— What the task asks —
Instruction for the entries below: return the part that opens with the line containing "清潔感のある待合室にて治療の順番をお待ちください" and closes with the line containing "Von der Flut", exactly, and no pictures.

— Data records —
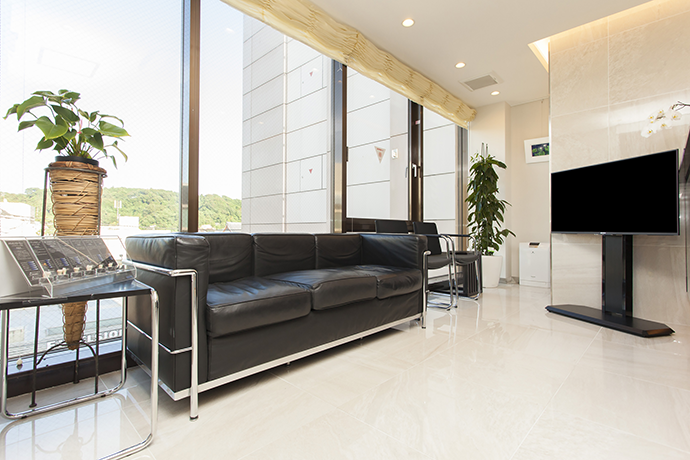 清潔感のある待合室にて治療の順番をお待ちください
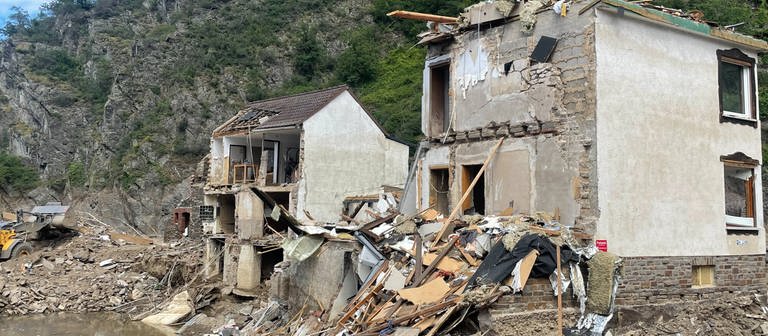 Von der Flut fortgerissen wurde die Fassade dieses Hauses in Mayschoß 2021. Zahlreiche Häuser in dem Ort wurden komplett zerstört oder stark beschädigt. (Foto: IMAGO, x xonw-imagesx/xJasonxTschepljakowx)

--

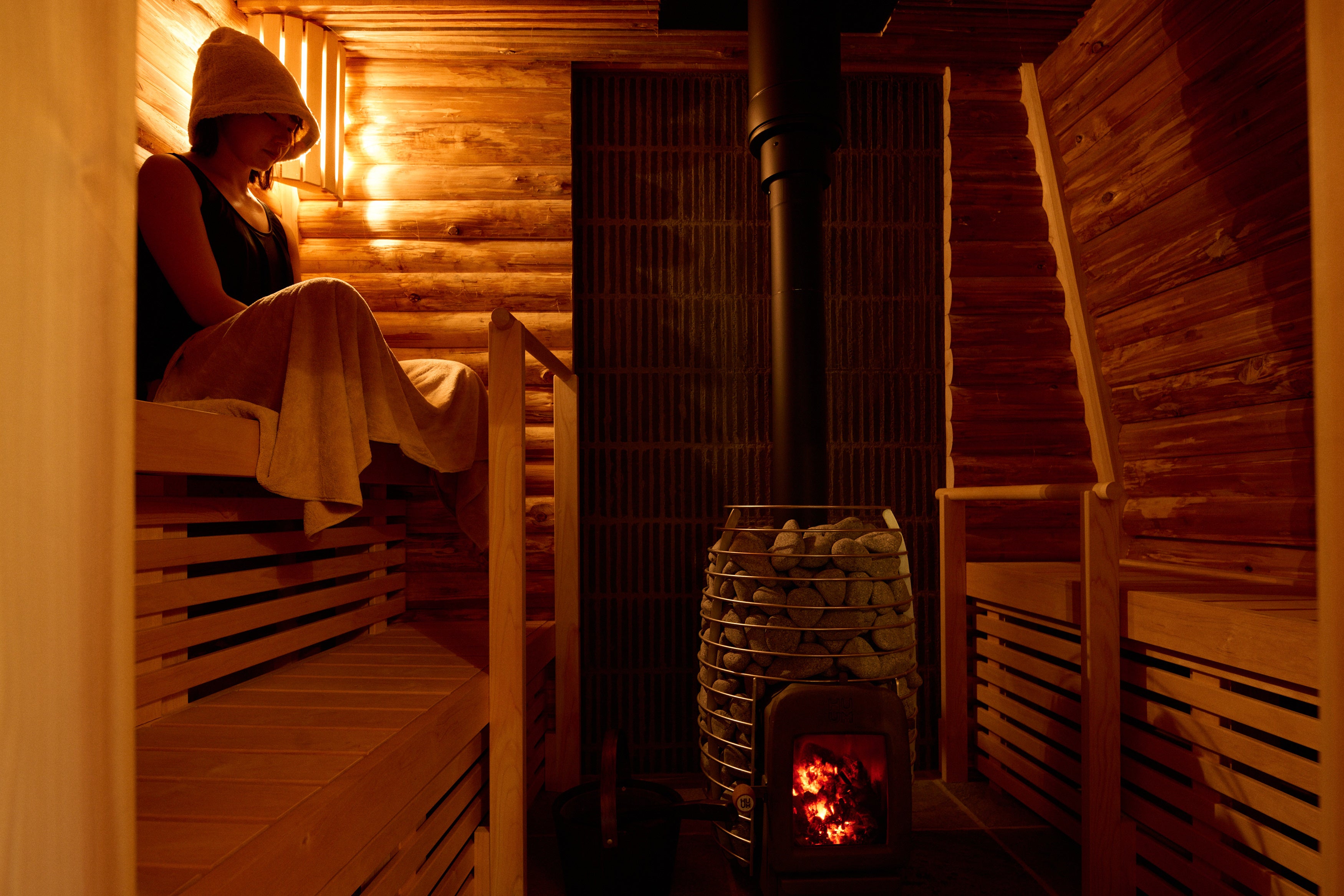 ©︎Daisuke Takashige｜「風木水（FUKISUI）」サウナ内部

— Exercise response —
 清潔感のある待合室にて治療の順番をお待ちください
 Von der Flut fortgerissen wurde die Fassade dieses Hauses in Mayschoß 2021. Zahlreiche Häuser in dem Ort wurden komplett zerstört oder stark beschädigt. (Foto: IMAGO, x xonw-imagesx/xJasonxTschepljakowx)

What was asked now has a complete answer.